Wir wollen unser Geld zurück! Dieser Ruf rollt durchs Land; es artikuliert sich das Selbstbewusstsein einer Bevölkerung, die die übelste Krise seit den 30er Jahren des vergangenen Jahrhunderts bewältigt hat und nun Ansprüche stellt. Wir wollen unseren Anteil am Aufschwung: weniger Steuern und Abgaben!
Das ist natürlich alles Mumpitz. Das Volk schweigt. Weil die Leute wissen, wie es um die Staatsfinanzen und die Sozialkassen steht und ihnen der Schuldenstaat nicht geheuer ist. Wer plädiert denn außer ein paar Parteipopulisten für eine Senkung der Rentenbeiträge? Die Arbeitnehmervertreter jedenfalls nicht. Die avisierte Reduzierung des Beitrags im kommenden Jahr um ein paar Zehntelpunkte reicht für ein Eis im Monat, rechnet der DGB vor. Was soll das? Den Konsum ankurbeln?
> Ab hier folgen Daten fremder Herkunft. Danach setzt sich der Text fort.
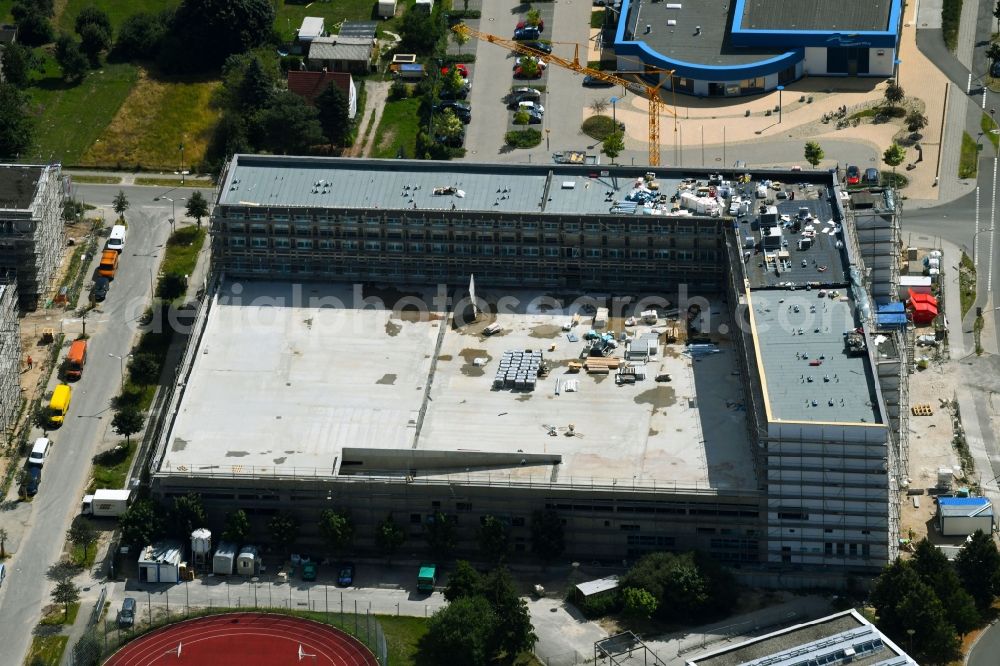 Aerial image Schönefeld - New construction of the building complex of the shopping centeron Hans-Grade-Allee corner Rudower Chaussee in Schoenefeld in the state Brandenburg, Germany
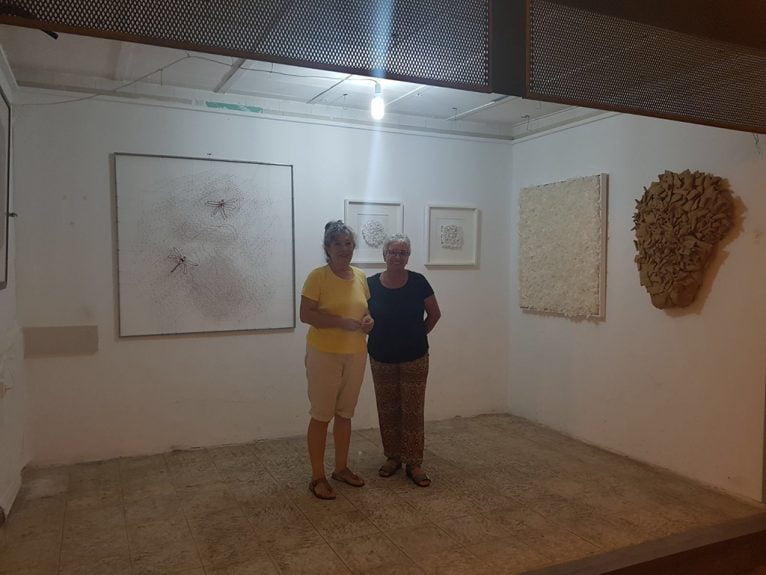 Mari Marí y María José Cholbi junto a la exposición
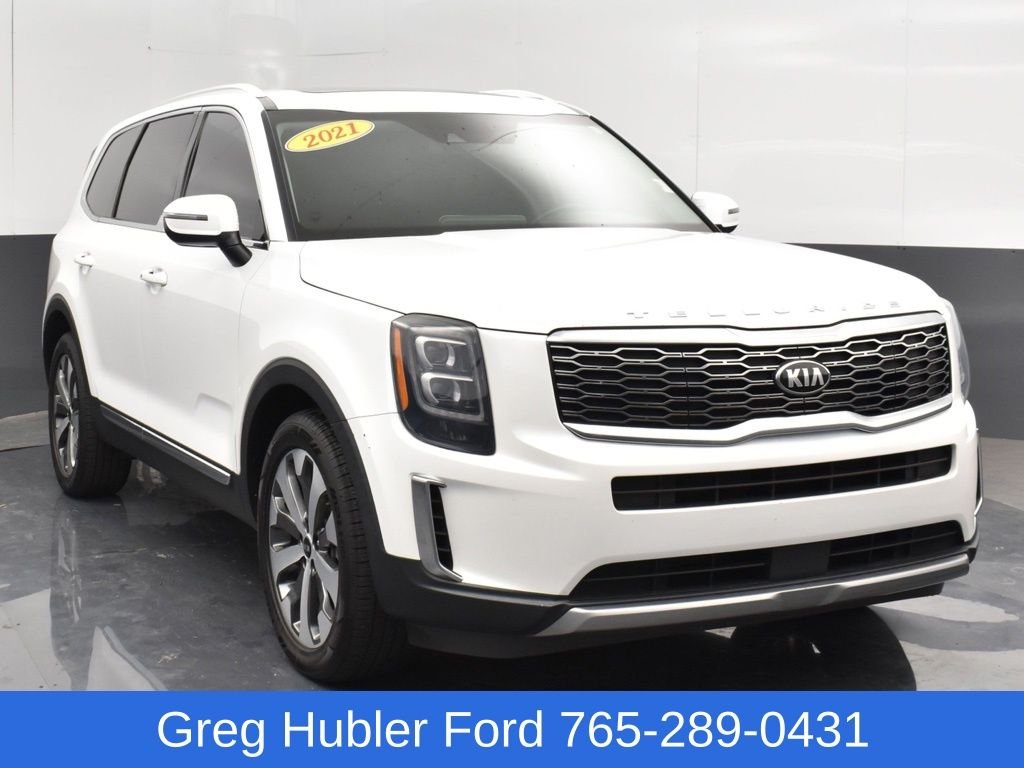 Used 2021 White Kia EX image 1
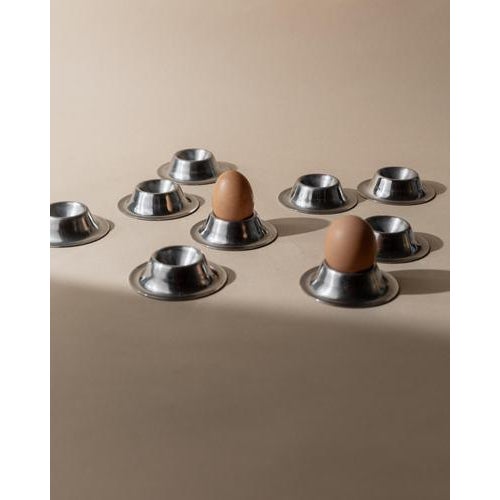 This vintage set of 9 stainless steel egg cups from the 1970s features a timeless, minimal design focused on clean lines...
Die deutsche Wirtschaft wächst das zweite Mal in Folge um mehr als drei Prozent. Im steigenden Konjunkturzyklus gibt es mehr Arbeitsplätze, höhere Steuern und Sozialabgaben respektive -einnahmen. Ja und? In diesem und in den kommenden Jahren nimmt allein der Bund noch immer im zweistelligen Milliardenbereich Kredite auf. Ganz zu schweigen von den klammen Ländern und Kommunen. Baden-Württemberg, das reichste Bundesland, hat kein Geld, um die Straßen zu sanieren. Steuersenkungen? Ein Blödsinn.
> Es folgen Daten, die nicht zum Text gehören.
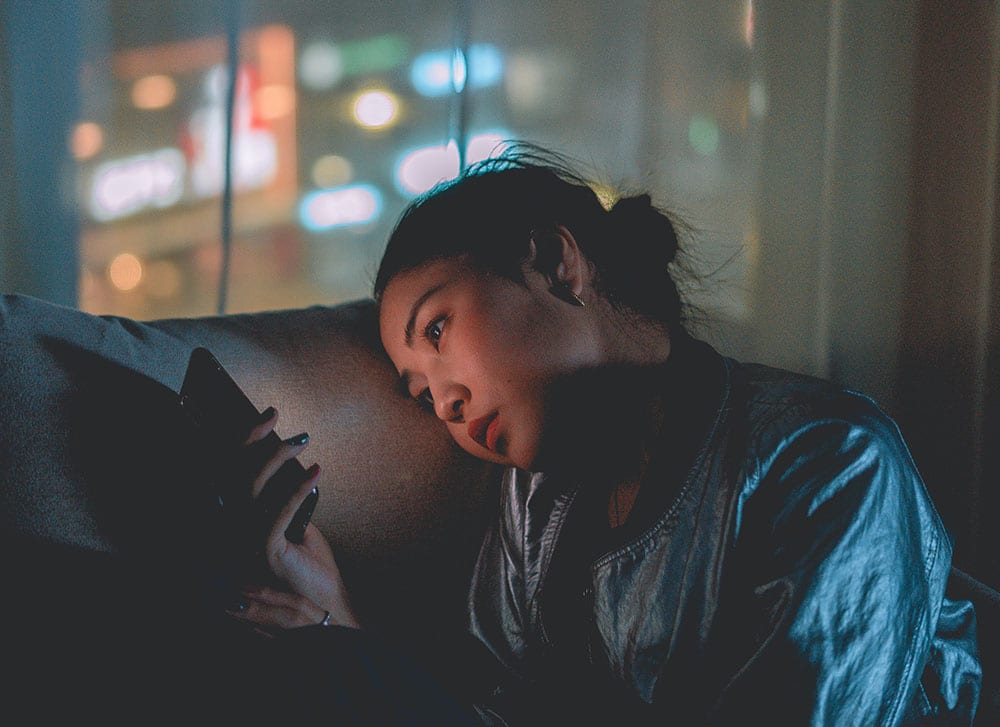 woman up late looking at cell phone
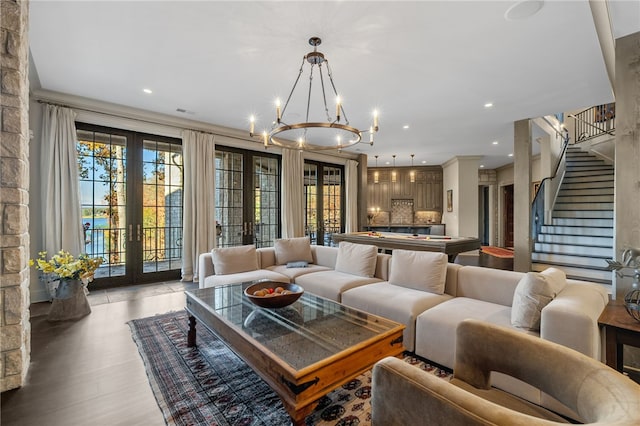 living room featuring french doors, an inviting chandelier, light hardwood / wood-style floors, and pool table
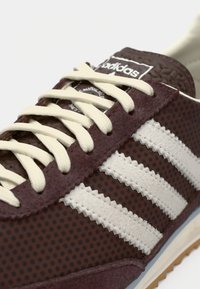 Primo piano di una sneaker maroon Adidas con lacci bianchi e le tre strisce bianche caratteristiche sul pannello laterale in tessuto a pois.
Aber was ist mit den Sozialkassen, der Renten-, Kranken-, Arbeitslosen und Pflegeversicherung? Rein rechtlich ist eine Kürzung des Beitrags zur Rentenversicherung geboten, wenn die Rücklagen ein bestimmtes Niveau überschreiten. Das wird in den kommenden zwei Jahren der Fall sein. Und wenn dann 2013 der Beitragssatz auf 19,2 Prozent sinkt – aktuell sind es 19,9 –, kommen schon einige Eisbecher zusammen. Sinn ergibt das trotzdem nicht, denn aus dem Aufschwung wird irgendwann ein Abschwung, die Einnahmen fallen wieder, der Beitragssatz steigt. Überhaupt verkraftet die Rentenversicherung die demografische Last nur mit Hilfe des Steuerzahlers: Mehr als 80 Milliarden Euro aus dem Haushalt der Arbeits- und Sozialministerin fließen jedes Jahr in die Rentenkasse. Sofern es Sparpotenzial gibt, sollte das hier realisiert werden.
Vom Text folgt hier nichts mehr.